**COLLECTED MATERIAL**
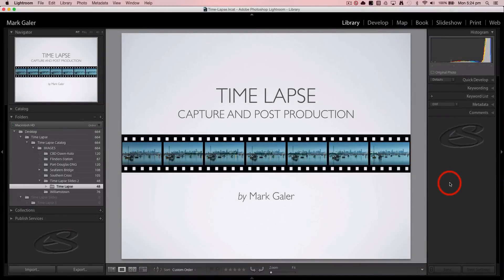Hi, I'm Mark Gaylor. This tutorial is about creating timelapse videos. We're going to be looking at the capture side of the process — how to best capture the frames — and also how to put those frames together to make a movie in Adobe software. That's the post-production side.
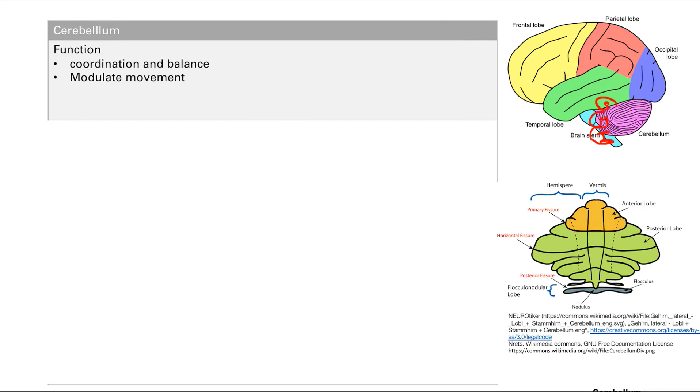Spinal cord is going to send information up into the inferior cerebellar peduncle. This is just information about your muscles. It's called proprioception. It's where your muscles are. It helps send other sensory information.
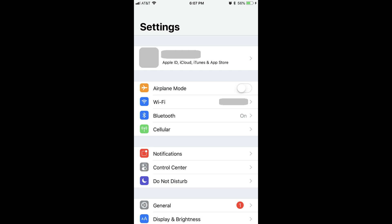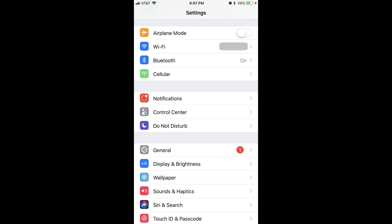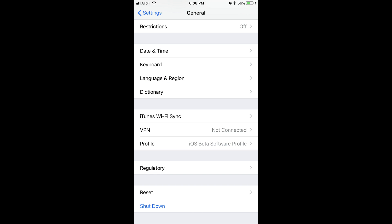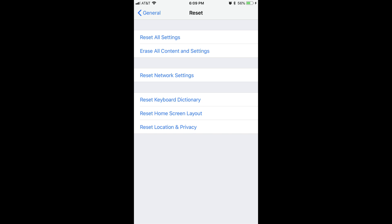Step 1: Tap to open the Settings app. The Settings screen appears. Step 2: Select General in the list of options on the Settings screen. The General screen is displayed. Step 3: Scroll down to the bottom of the General screen, and then tap Reset. The Reset screen appears.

**ACTION ITEM**
In your answer, set down the full listing word for word and include no pictures.

**YOUR SOLUTION**
Hi, I'm Mark Gaylor. This tutorial is about creating timelapse videos. We're going to be looking at the capture side of the process — how to best capture the frames — and also how to put those frames together to make a movie in Adobe software. That's the post-production side.
Spinal cord is going to send information up into the inferior cerebellar peduncle. This is just information about your muscles. It's called proprioception. It's where your muscles are. It helps send other sensory information.
Step 1: Tap to open the Settings app. The Settings screen appears. Step 2: Select General in the list of options on the Settings screen. The General screen is displayed. Step 3: Scroll down to the bottom of the General screen, and then tap Reset. The Reset screen appears.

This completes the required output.